*** Supplied records
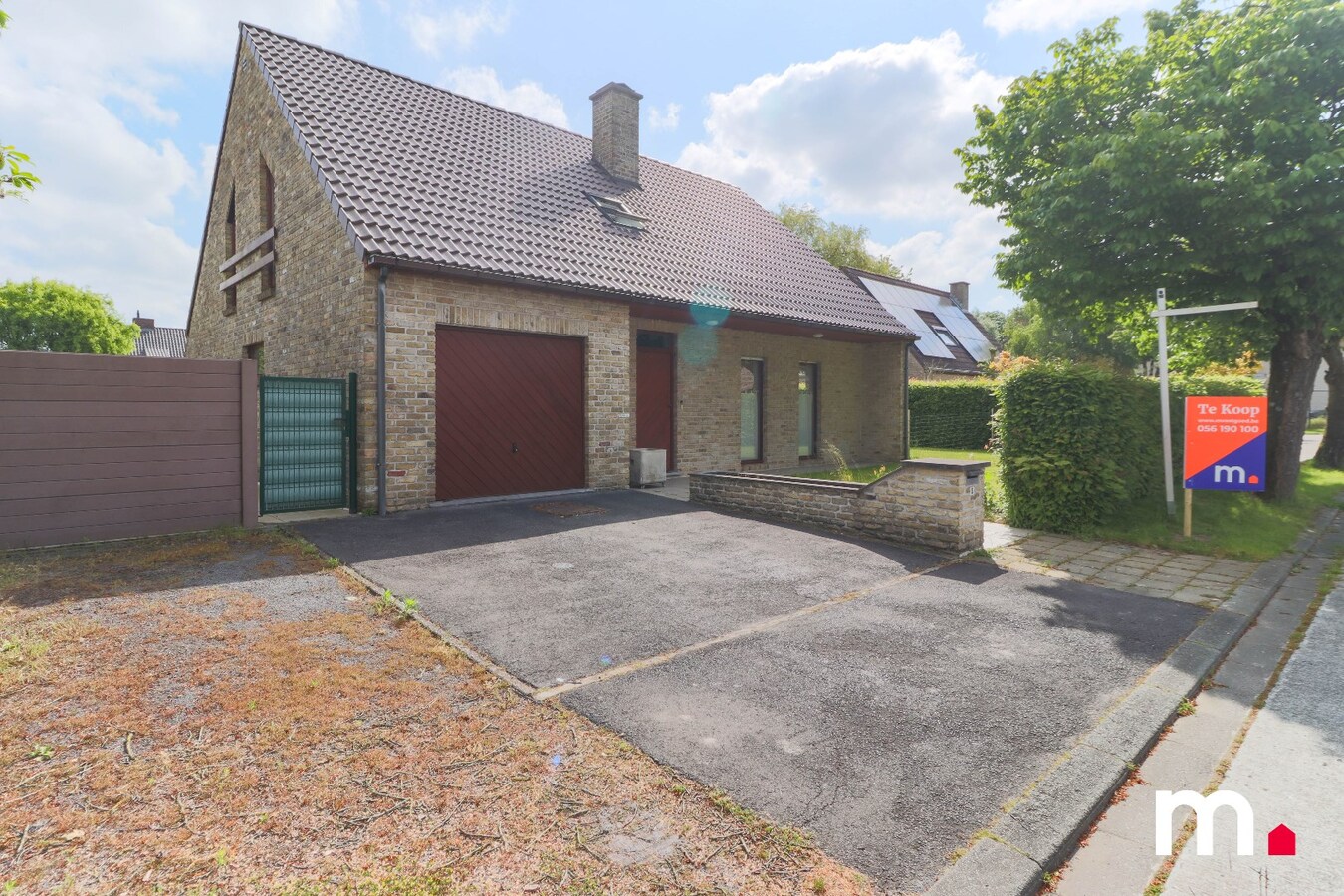 Stevige villa te koop in de residenti&#235;le wijk &#39;De Rodenburg&#39; te Marke ! 
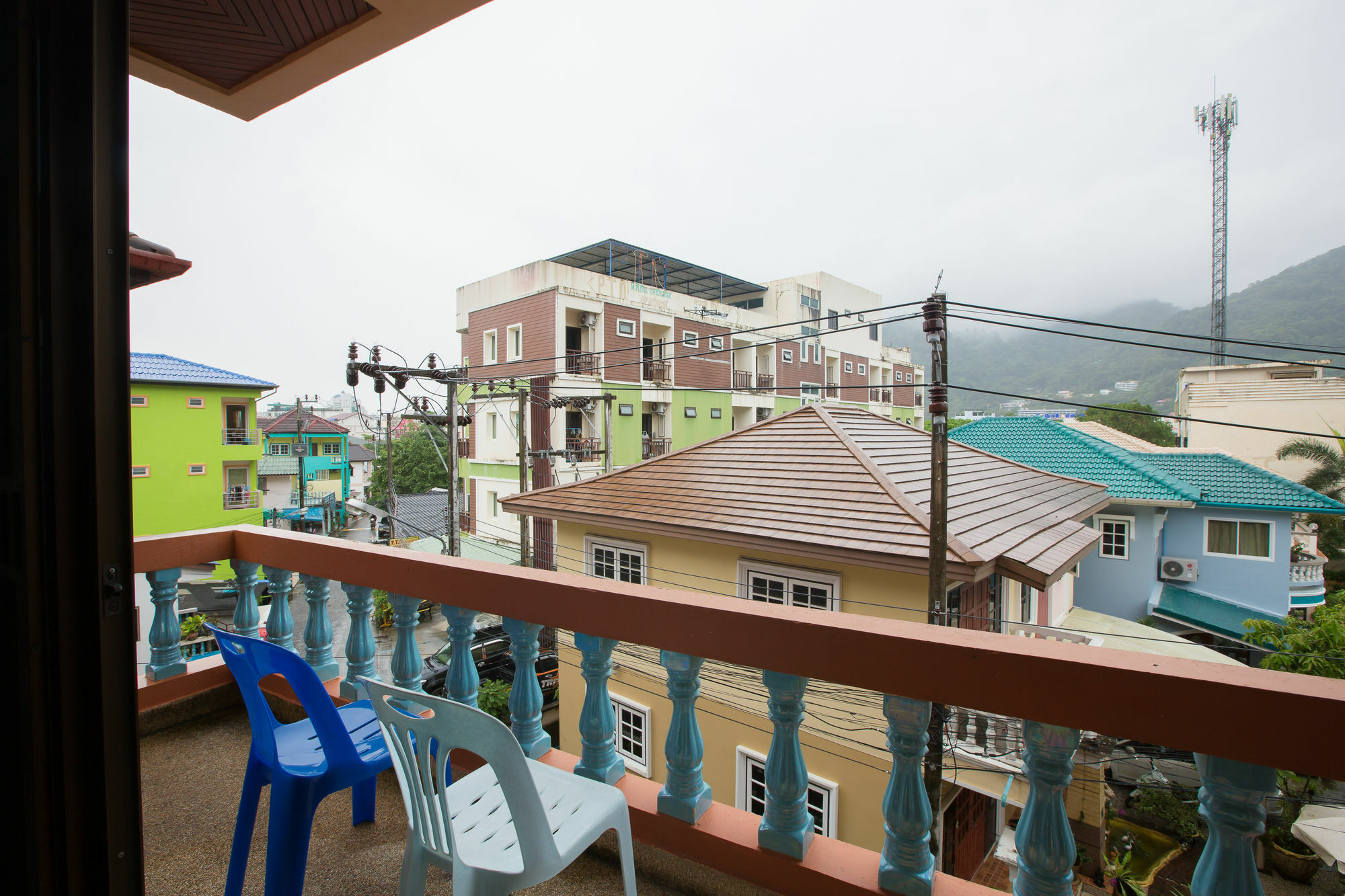 Chusri Hotel Patong Eksteriør billede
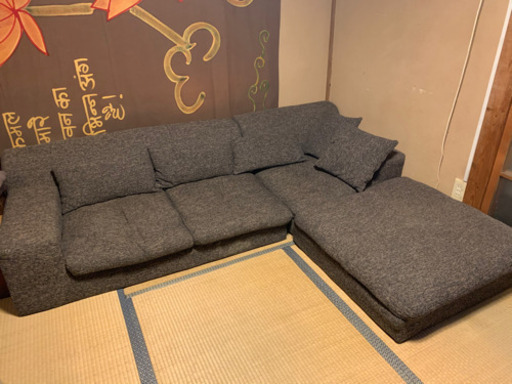 《値下げます》オットマン・クッション付、脚も伸ばせるソファ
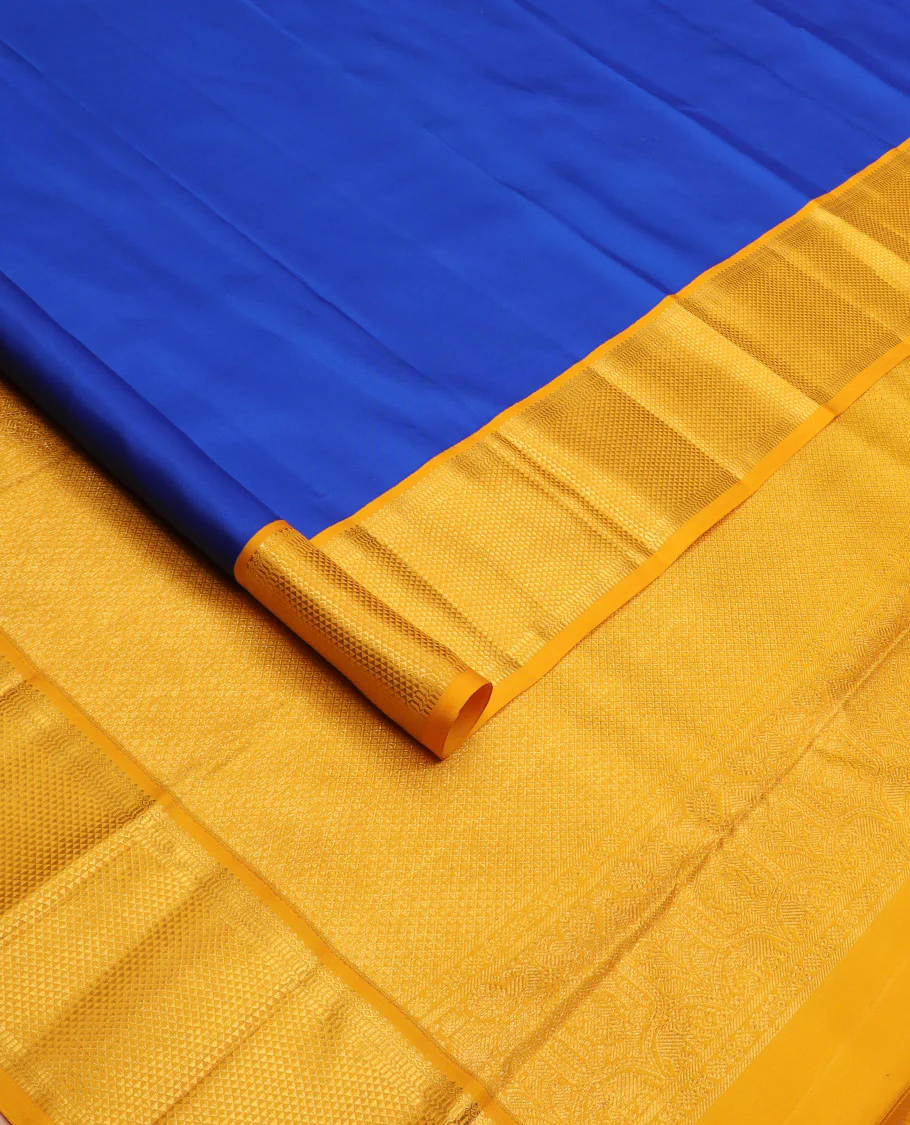 Royal blue plain Kanchipuram silk saree, contrast border of salngai, muthu, and ara maadam designs, and intricate pallu - Image 3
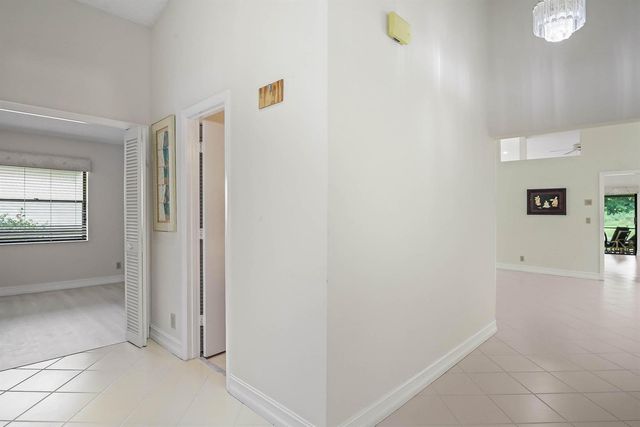 7003 GOLF POINTE Circle, Tamarac, FL 33321
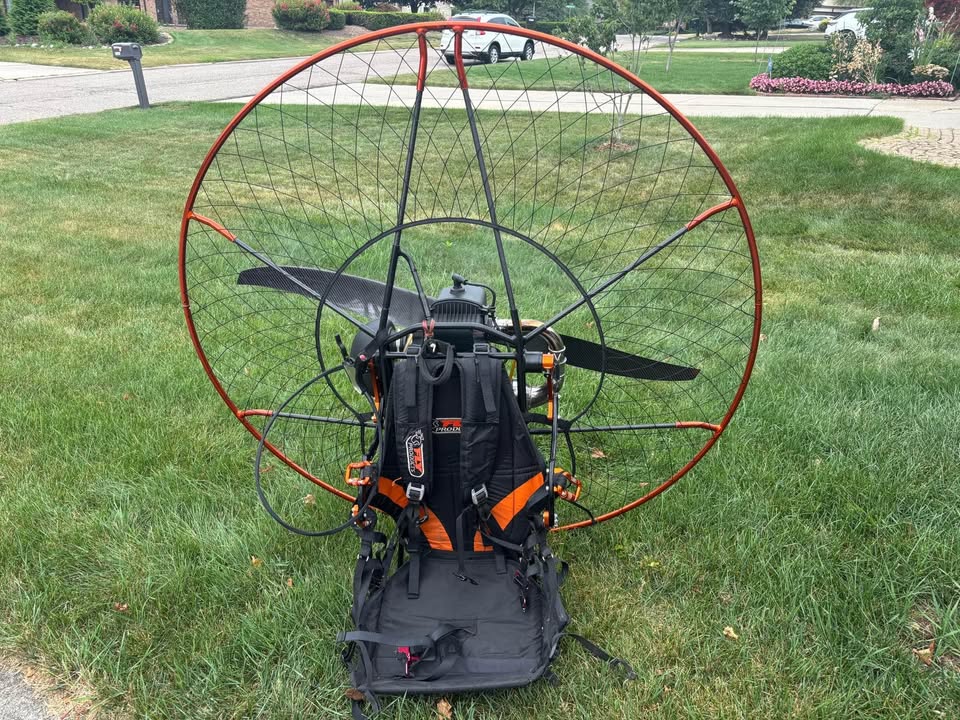 Fly Products eclipse Atom 80 Paramotor, photo 2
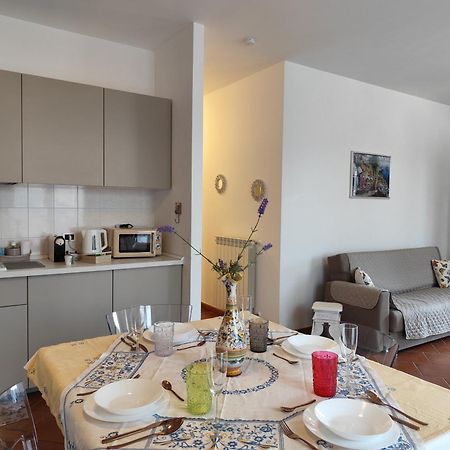 La Casa Di Giada, Appartamento In Villetta Con Aria Condizionata, Wi-Fi E Parcheggio Gratuito Poggi Exteriér fotografie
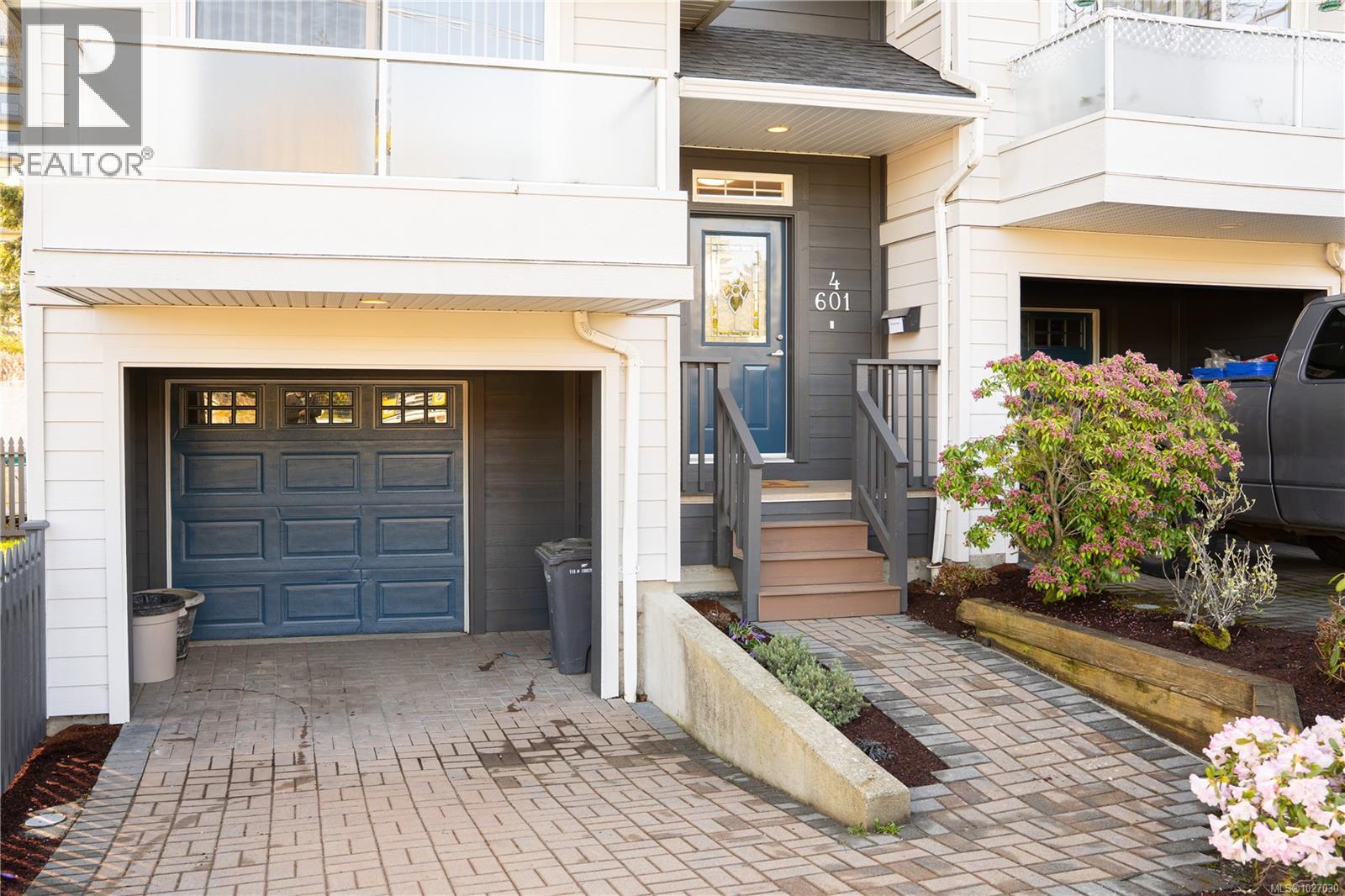 4 601 Nelson St, Esquimalt, British Columbia  V9A 6P7 - Photo 3 - 1027030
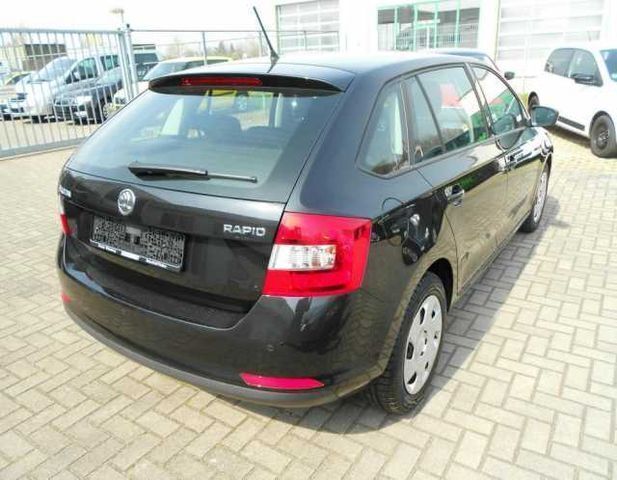 Gebraucht Skoda Rapid Ambition 105 PS (77 kW) 2014 Schwarz metallic Limousine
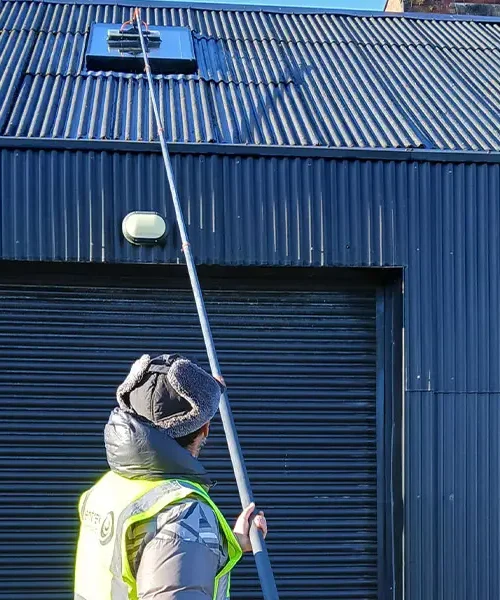 roof_window_clean_img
******
Exercise:
Start with the first line of the records above and end with the line containing "Fly Products eclipse". Output those lines exactly, pictures excluded.

Written answer:
 Stevige villa te koop in de residenti&#235;le wijk &#39;De Rodenburg&#39; te Marke ! 
 Chusri Hotel Patong Eksteriør billede
 《値下げます》オットマン・クッション付、脚も伸ばせるソファ
 Royal blue plain Kanchipuram silk saree, contrast border of salngai, muthu, and ara maadam designs, and intricate pallu - Image 3
 7003 GOLF POINTE Circle, Tamarac, FL 33321
 Fly Products eclipse Atom 80 Paramotor, photo 2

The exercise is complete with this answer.